▸ **RECORDS SHOWN**:
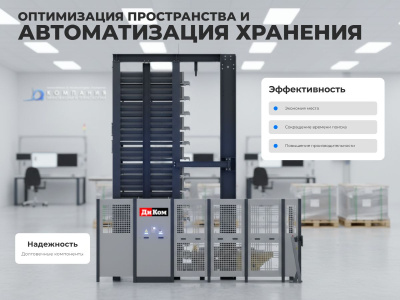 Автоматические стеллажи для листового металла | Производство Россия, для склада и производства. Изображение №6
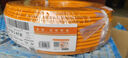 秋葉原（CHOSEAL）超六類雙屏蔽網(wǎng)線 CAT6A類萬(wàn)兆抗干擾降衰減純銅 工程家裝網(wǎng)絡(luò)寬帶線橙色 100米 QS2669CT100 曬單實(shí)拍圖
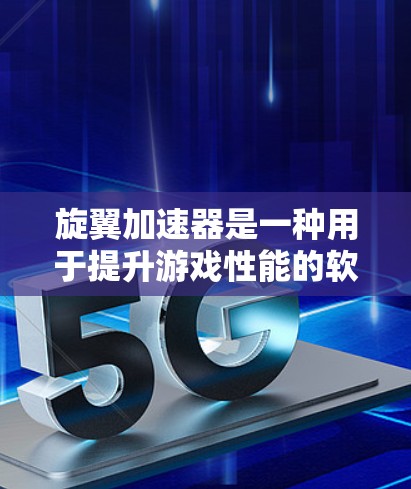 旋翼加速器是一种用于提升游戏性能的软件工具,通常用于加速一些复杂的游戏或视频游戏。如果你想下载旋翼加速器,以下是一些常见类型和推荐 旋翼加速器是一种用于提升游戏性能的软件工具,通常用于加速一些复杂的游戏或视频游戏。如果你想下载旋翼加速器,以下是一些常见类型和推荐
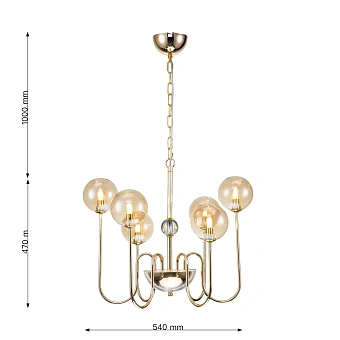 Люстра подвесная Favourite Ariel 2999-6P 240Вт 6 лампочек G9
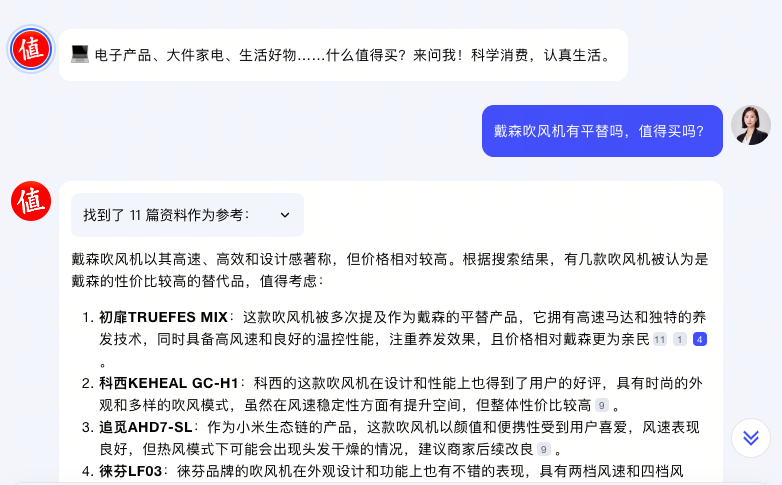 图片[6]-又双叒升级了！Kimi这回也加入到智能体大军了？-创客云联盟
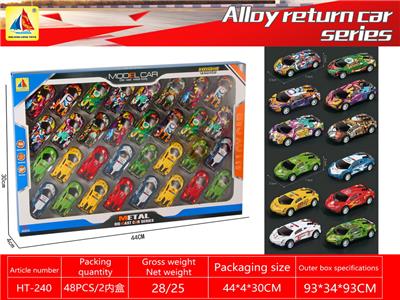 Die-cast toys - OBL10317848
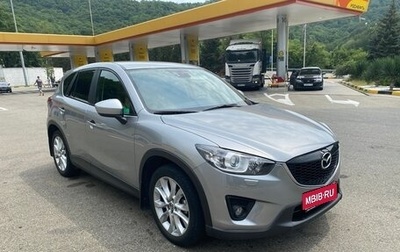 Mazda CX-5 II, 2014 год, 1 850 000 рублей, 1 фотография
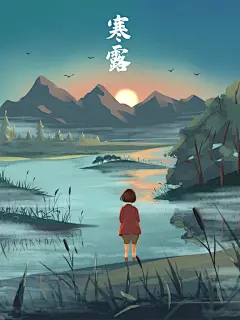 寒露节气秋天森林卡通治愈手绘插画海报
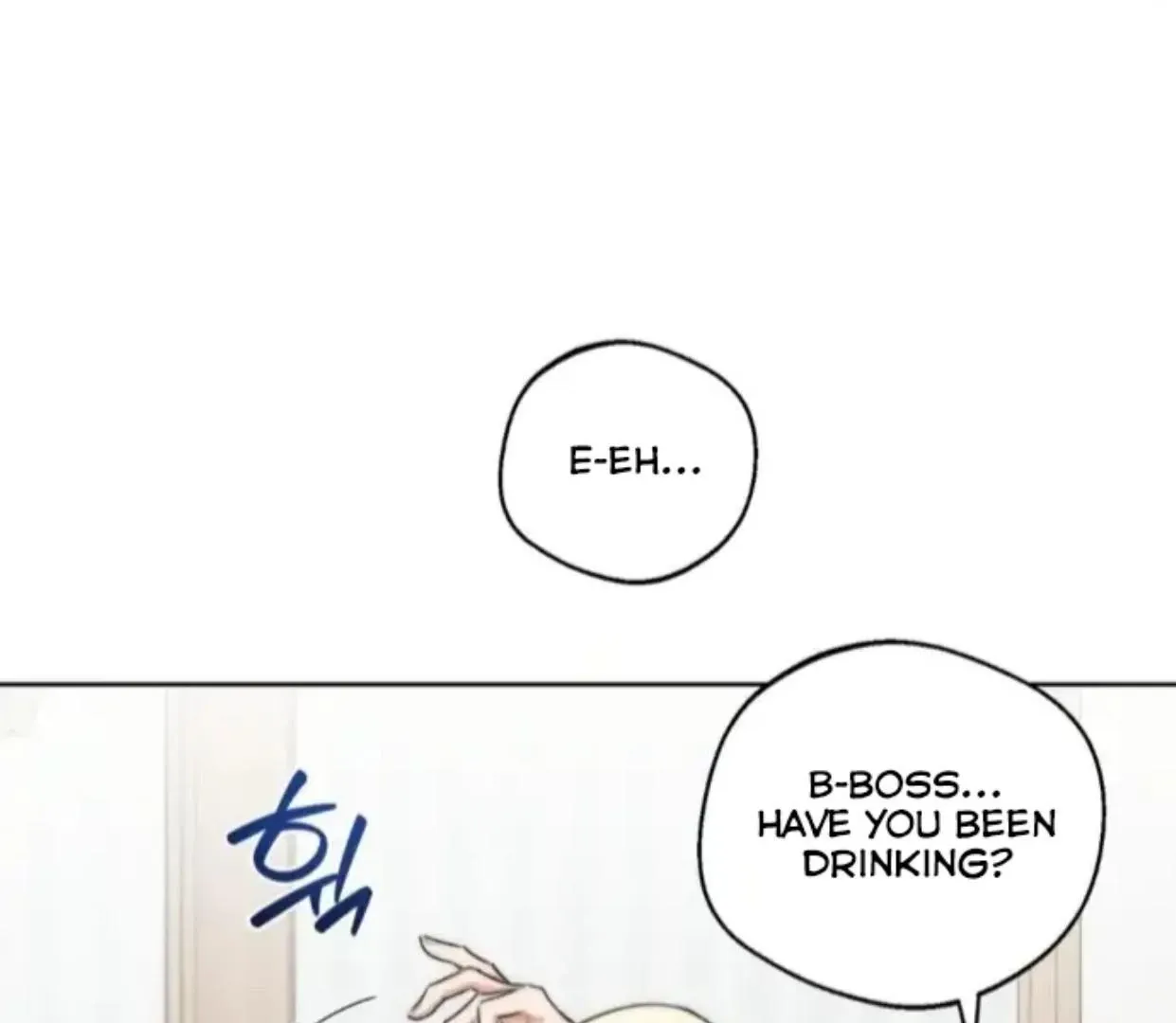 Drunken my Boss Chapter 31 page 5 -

▸ **ABOUT THIS TASK**: Pictures should be omitted. Please return exactly the lines from the line that holds "图片[6]-又双叒升级了！Kimi这回也加入到智能体大军了？-创客云联盟" through the end of the records.

▸ **FINISHED TASK**:
 图片[6]-又双叒升级了！Kimi这回也加入到智能体大军了？-创客云联盟
 Die-cast toys - OBL10317848
 Mazda CX-5 II, 2014 год, 1 850 000 рублей, 1 фотография
 寒露节气秋天森林卡通治愈手绘插画海报
 Drunken my Boss Chapter 31 page 5 -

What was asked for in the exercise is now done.